According to a letter which the dear old flowered shawl spelled out to us word by word, her grandson had been wounded in seven different places, and had had one hand and one leg amputated. But he hastened to add that he was not worrying a bit about it.
The young girl's mother had one son in the ranks, and a second, aged seventeen, had enlisted and was about to leave for the front. She and her daughter were on their way to embrace him for the last time.
The Belgian soldier was just getting about after an attack of typhoid fever, and the motherly person on my left was travelling towards her husband, a territorial of ripe years whose long nights of vigil beneath bridges and in the mud of the Somme had brought him down with inflammatory rheumatism. Their son, they prayed, was prisoner—having been reported missing since the 30th of August, 1914. This coarse, heavy featured woman of the working classes, cherished her offspring much as a lioness does her young. She told us she had written to the President of the Republic, to her Congressman, her Senator, to the King of Spain, the Norwegian Ambassador, to the Colonel of the Regiment, as well as to all the friends of her son on whose address she had been able to lay hand; and she would keep right on writing until she obtained some result, some information. She could not, would not, admit that her boy was lost; and scarcely stopping to take breath she would ramble on at length, telling of her hopes and her disappointments to which all the compartment listened religiously while slowly the train rolled along through the smiling, undulating Norman country.

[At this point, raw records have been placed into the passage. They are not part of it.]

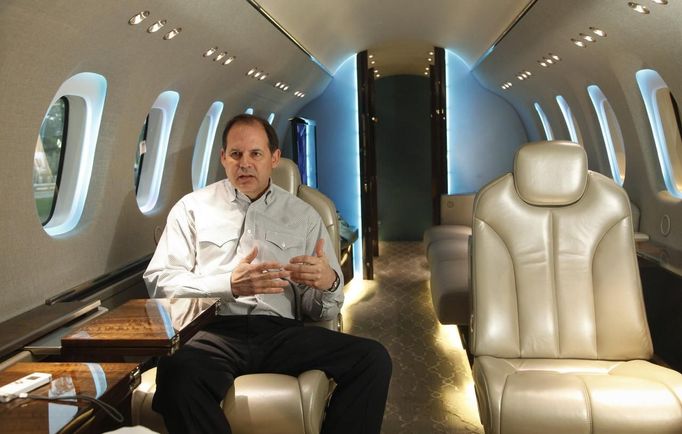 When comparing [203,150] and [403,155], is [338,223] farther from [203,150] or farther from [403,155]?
[403,155]

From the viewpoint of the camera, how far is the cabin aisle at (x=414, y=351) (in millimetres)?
3645

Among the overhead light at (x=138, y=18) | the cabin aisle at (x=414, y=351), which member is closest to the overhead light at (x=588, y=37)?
the cabin aisle at (x=414, y=351)

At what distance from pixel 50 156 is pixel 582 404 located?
2907 mm

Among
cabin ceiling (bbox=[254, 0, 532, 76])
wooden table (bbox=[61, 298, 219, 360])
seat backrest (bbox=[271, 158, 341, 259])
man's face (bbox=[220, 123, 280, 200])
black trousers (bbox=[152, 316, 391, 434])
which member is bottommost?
black trousers (bbox=[152, 316, 391, 434])

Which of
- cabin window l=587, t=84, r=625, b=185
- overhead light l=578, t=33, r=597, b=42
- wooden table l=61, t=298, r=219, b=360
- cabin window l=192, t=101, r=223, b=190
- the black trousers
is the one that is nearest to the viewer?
wooden table l=61, t=298, r=219, b=360

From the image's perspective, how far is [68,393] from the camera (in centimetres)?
172

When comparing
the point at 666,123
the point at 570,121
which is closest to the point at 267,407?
the point at 666,123

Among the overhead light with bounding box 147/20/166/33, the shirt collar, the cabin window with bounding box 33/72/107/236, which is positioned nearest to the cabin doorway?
the cabin window with bounding box 33/72/107/236

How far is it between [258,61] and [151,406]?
135 inches

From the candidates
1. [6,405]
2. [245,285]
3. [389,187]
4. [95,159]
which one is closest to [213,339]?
[245,285]

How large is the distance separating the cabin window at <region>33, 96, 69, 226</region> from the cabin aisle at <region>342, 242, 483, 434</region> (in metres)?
2.27

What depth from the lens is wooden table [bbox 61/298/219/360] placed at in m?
2.05

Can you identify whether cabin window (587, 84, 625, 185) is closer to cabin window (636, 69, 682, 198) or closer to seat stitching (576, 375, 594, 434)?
cabin window (636, 69, 682, 198)

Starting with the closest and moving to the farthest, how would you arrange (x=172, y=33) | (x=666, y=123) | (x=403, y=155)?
1. (x=172, y=33)
2. (x=666, y=123)
3. (x=403, y=155) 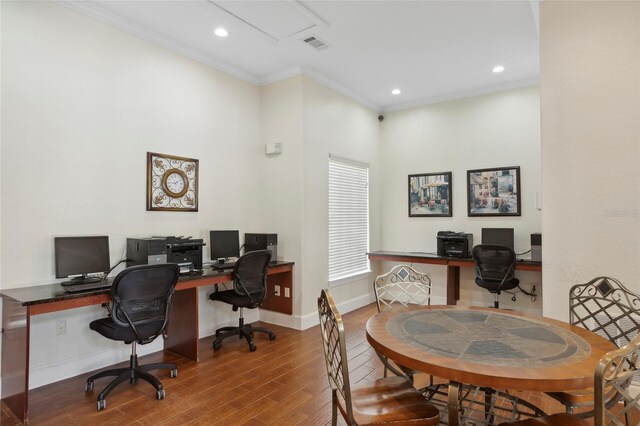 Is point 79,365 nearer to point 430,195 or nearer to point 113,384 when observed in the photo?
point 113,384

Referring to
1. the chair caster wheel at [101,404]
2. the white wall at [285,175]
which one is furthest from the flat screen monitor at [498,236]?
the chair caster wheel at [101,404]

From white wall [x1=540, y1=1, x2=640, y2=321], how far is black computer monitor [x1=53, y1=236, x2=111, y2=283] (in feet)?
12.4

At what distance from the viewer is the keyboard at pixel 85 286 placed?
2667 millimetres

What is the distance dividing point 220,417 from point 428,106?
16.6ft

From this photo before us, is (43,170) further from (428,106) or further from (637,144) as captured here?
(428,106)

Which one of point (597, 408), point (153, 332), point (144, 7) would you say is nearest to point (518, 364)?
point (597, 408)

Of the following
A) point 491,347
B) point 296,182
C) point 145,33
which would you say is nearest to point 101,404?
point 491,347

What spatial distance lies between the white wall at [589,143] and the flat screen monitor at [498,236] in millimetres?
1892

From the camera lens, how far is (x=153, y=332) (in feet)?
9.16

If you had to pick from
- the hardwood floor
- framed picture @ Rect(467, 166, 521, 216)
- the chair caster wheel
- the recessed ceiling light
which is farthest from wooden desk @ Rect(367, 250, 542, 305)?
the chair caster wheel

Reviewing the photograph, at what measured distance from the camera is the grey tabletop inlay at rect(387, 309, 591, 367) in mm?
1607

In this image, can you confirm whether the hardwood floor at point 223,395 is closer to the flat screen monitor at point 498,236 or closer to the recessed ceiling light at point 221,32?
the flat screen monitor at point 498,236

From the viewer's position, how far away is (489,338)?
1.86 m

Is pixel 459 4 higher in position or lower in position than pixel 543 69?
higher
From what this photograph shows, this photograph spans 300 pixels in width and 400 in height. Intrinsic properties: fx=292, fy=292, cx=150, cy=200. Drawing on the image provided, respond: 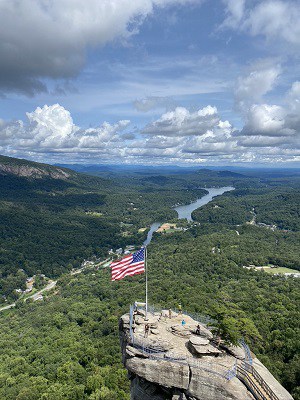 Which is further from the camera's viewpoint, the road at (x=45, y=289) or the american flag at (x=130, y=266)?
the road at (x=45, y=289)

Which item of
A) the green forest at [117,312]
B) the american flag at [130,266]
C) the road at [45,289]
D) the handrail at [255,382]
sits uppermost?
the american flag at [130,266]

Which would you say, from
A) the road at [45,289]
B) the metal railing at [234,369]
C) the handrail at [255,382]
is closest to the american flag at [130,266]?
the metal railing at [234,369]

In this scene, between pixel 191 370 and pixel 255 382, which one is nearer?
pixel 255 382

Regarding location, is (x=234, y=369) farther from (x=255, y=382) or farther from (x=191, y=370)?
(x=191, y=370)

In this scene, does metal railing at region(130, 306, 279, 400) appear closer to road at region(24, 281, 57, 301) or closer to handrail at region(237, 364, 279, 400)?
handrail at region(237, 364, 279, 400)

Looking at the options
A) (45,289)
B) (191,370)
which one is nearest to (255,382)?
(191,370)

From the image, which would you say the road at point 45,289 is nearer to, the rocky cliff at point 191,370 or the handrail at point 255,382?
the rocky cliff at point 191,370

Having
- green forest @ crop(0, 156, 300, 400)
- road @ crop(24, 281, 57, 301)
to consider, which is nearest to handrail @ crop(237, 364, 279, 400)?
green forest @ crop(0, 156, 300, 400)

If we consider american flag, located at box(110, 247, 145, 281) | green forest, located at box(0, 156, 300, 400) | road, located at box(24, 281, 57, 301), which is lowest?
road, located at box(24, 281, 57, 301)

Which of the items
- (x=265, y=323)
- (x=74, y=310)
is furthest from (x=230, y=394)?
(x=74, y=310) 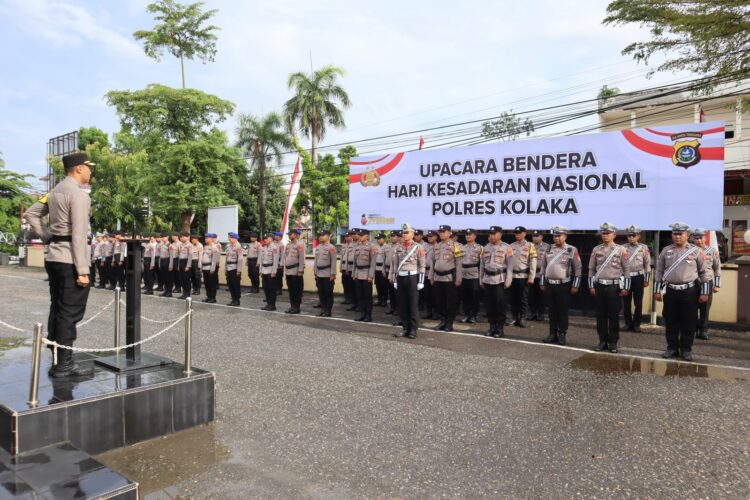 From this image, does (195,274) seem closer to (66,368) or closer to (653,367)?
(66,368)

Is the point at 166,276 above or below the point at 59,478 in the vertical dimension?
above

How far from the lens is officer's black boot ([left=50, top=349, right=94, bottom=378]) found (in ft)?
13.5

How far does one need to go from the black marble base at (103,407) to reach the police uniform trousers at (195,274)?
8831mm

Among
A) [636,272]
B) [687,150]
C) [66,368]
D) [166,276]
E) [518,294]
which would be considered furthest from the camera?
[166,276]

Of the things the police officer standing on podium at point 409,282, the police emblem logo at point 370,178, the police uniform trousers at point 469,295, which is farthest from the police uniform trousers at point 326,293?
the police emblem logo at point 370,178

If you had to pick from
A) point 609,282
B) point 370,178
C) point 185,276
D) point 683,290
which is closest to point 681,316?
point 683,290

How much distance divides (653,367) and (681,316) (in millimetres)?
919

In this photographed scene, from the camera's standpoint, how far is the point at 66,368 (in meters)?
4.14

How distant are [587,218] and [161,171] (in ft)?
69.9

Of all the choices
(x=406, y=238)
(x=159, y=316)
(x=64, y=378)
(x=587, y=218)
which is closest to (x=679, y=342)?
(x=587, y=218)

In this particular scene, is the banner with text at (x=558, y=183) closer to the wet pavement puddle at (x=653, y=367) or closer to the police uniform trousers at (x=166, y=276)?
the wet pavement puddle at (x=653, y=367)

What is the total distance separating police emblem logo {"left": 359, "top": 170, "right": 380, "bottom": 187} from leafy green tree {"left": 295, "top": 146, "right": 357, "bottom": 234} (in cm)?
1534

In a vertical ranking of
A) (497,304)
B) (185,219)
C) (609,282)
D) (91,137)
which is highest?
(91,137)

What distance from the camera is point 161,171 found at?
2486 centimetres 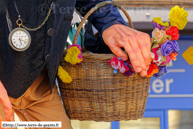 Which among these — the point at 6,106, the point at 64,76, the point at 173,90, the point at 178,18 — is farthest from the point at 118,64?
the point at 173,90

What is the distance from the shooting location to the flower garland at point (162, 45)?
49.3 inches

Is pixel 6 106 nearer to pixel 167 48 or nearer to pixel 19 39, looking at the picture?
pixel 19 39

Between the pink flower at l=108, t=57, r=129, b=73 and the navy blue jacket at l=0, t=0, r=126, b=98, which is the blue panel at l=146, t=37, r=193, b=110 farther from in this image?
the navy blue jacket at l=0, t=0, r=126, b=98

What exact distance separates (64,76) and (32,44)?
9.1 inches

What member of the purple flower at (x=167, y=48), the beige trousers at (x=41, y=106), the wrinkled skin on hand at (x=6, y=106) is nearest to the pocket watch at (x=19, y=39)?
the beige trousers at (x=41, y=106)

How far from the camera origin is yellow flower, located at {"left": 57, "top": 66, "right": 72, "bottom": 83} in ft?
4.34

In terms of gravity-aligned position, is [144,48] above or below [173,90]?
above

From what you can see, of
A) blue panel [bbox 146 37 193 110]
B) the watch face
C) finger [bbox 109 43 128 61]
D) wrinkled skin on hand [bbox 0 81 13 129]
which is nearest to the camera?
wrinkled skin on hand [bbox 0 81 13 129]

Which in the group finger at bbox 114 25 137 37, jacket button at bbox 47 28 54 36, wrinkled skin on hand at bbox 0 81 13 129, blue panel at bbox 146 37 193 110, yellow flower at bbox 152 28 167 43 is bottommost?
blue panel at bbox 146 37 193 110

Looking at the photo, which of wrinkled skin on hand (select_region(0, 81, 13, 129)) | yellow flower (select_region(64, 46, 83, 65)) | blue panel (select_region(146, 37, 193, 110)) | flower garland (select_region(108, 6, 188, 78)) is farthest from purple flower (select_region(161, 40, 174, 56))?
blue panel (select_region(146, 37, 193, 110))

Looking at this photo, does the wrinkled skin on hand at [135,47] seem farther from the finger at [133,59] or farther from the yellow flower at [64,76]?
the yellow flower at [64,76]

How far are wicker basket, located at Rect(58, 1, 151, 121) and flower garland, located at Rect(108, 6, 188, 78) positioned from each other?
58 mm

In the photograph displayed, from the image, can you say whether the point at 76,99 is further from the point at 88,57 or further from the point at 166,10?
the point at 166,10

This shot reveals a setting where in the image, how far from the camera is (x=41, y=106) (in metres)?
1.36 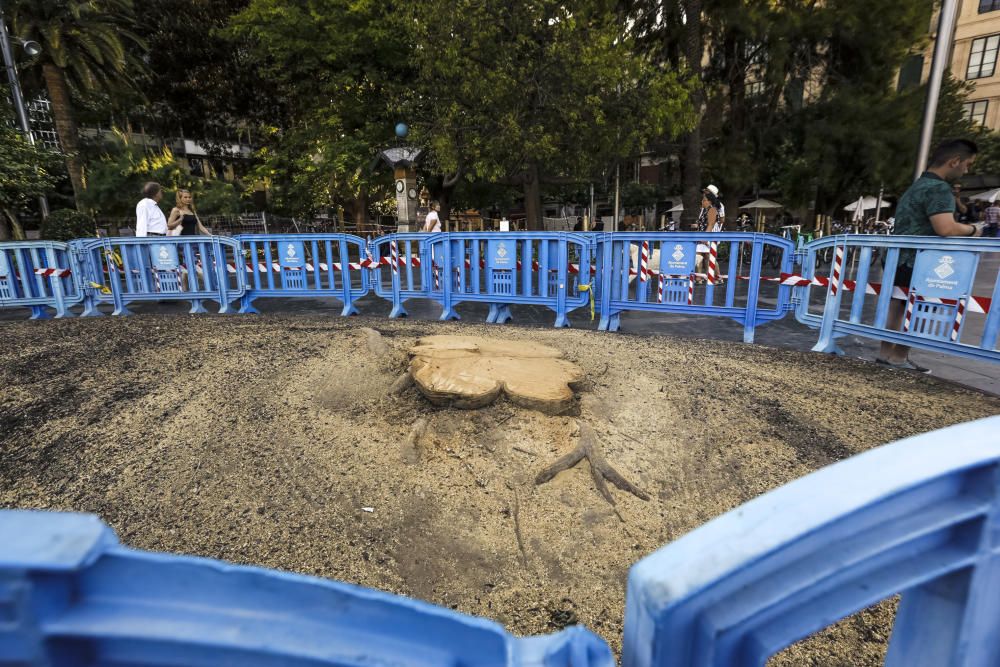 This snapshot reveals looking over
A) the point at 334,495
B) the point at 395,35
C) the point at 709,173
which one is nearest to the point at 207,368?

Each one did what he could to buoy up the mother's hopes.
The little Southerner seemed to possess a countless number of stories about prisoners, and he presently proceeded to go into minute detail about the parcels he sent to his own son, explaining the regulation as to contents, measures and weights, with so much volubility that the good soul already saw herself preparing a package to be forwarded to her long lost darling.
"You can just believe that he'll never want for anything—if clothes and food will do him any good. There's nothing on earth he can't have if only we can find him, if only he comes back to us."
And growing bolder as she felt the wealth of sympathy surrounding her, she looked over and addressed the woman in mourning, who at that moment smiled gently at her.
"We thought we knew how much we loved them, didn't we, Madame? But we'd never have realised how really deep it was if it hadn't been for this war, would we?"
The woman continued to smile sadly.
"More than likely you've got somebody in it too," persisted the stout Auvergnate, whose voice suddenly became very gentle and trembled a trifle.